The WOTUS question has been debated for decades in court and through varying Presidential Administrations. But the definition of WOTUS and its implementation is more than simply a few words that lawyers and bureaucrats can make a career out of. It is an issue regulated communities deal with daily, including farmers, ranchers, homebuilders, private property owners, and infrastructure developers.
I was heartened to see the Supreme Court deliver a clear, seemingly easily implementable decision over the definition of WOTUS in Sackett v. EPA last month. This ruling enables the Administration to kickstart project completion and eliminate regulatory red tape while maintaining crucial environmental protections. Now that the Supreme Court has clarified what the intended scope of the Clean Water Act has been from the beginning – once and for all getting rid of the “significant nexus” test – regulated communities will finally have some clarity under the law.
Now it is up to EPA and the Corps to quickly bring the Biden Administration’s flawed and legally outdated WOTUS policy into compliance with the Sackett decision and provide implementation guidance consistent with its direction. Regulated communities deserve the clarity that came in Sackett to be implemented in Corps districts across the country, so that important projects can be permitted to move forward. I look forward to the Corps putting its resources towards ensuring compliance with Sackett, rather than trying to find a way around its requirements.
On another note, Major General Graham and Assistant Secretary Connor, you both know how important the Corps’ projects are around the country, and my district—the seventh district of North Carolina—is no different.

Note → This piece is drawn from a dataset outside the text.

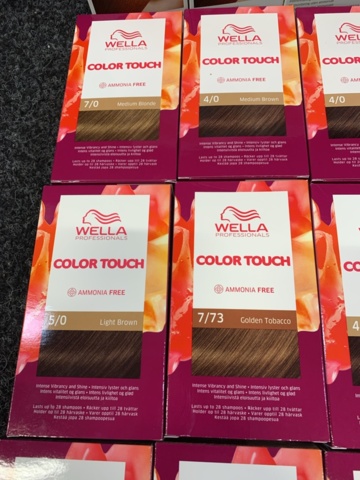 1345167-14 Assortment of hair care products etc. Wella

The beaches in my district rely on regular Army Corps maintenance to protect life, property, and our critical tourism economy. I am pleased the Corps has provided an emergency use exemption of the Masonboro Inlet as the Wrightsville Beach Borrow Site for the upcoming renourishment project, which is a year delayed, as you know. Without speedy nourishment, Wrightsville Beach could suffer catastrophic disaster and losses in the event of a natural disaster. I also look forward to the approval of 10 million dollars in emergency funding for the project under the Flood Control and Coastal Emergencies account. And I appreciate all the great work you all are doing on that front.
The President’s budget proposal and the Infrastructure Investment and Jobs Act (IIJA) would provide the Corps with robust funding, especially for flood control and beach nourishment maintenance activities. I hope the Corps will use the funds provided by both IIJA and regular appropriations efficiently for important projects.

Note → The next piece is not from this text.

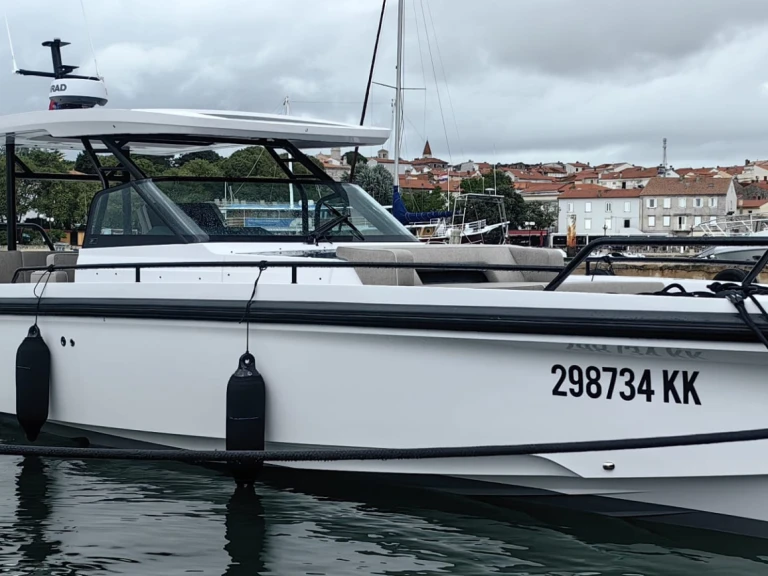 Pronájem lodi Axopar Axopar 37 Sun-Top v Krk na Samboatu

Moving on from the Army Corps, we also have folks here from two other important entities: the Tennessee Valley Authority (TVA) and the Great Lakes St. Lawrence Seaway Development Corporation (GLS).

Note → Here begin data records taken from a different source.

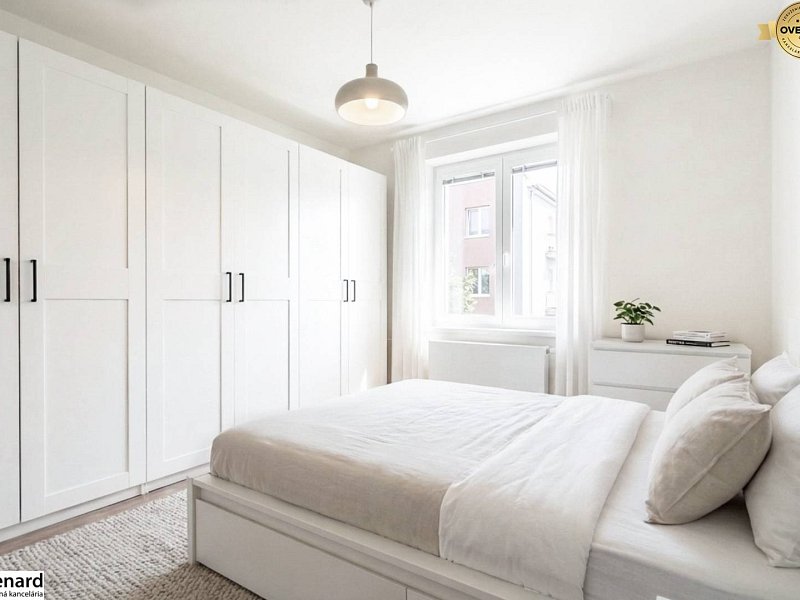 Byt s krásnym výhľadom a garážou oproti bytovke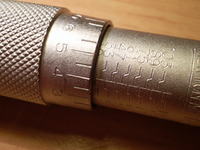 Klucz danamometryczny - ustawienie momentu siły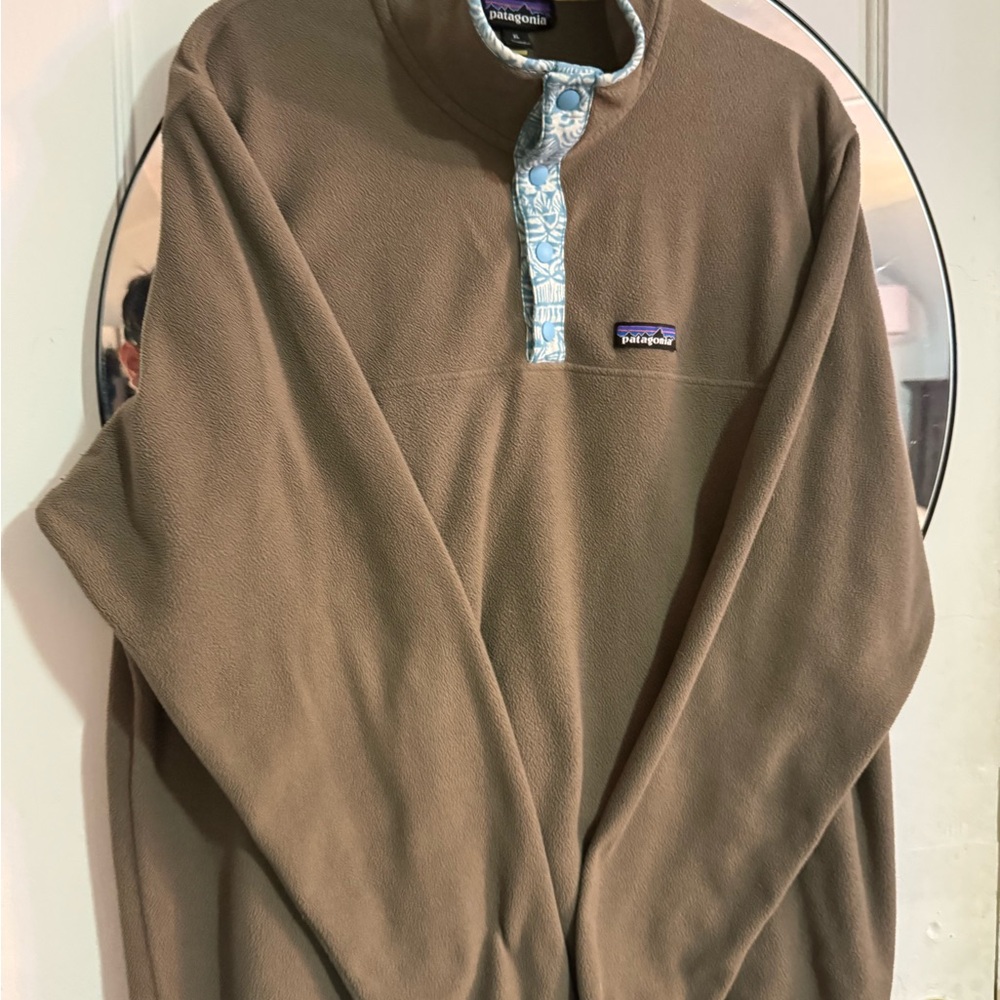 Patagonia Tan Fleece with Blue Accents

TVA has not taken any federal funds since 1999, which certainly is a rarity amongst entities created by Congress. I look forward to hearing more about TVA’s “all of the above energy approach,” utilizing a diverse portfolio of energy sources, including solar, natural gas, and nuclear, all while providing relatively stable rates and reliable power to its consumers.
I would also like to offer TVA a special congratulations on this year being its 90th anniversary.
Finally, congratulations to Mr. Tindall-Schlicht on his appointment as Administrator of GLS. GLS plays an important role in ensuring crucial routes from the Great Lakes to the Atlantic Ocean remain open via the St. Lawrence Seaway. At a time when we understand the need to strive for economic prosperity in the face of global competitors like China, the GLS provides important services to the flow of minerals, steel, and other critical goods.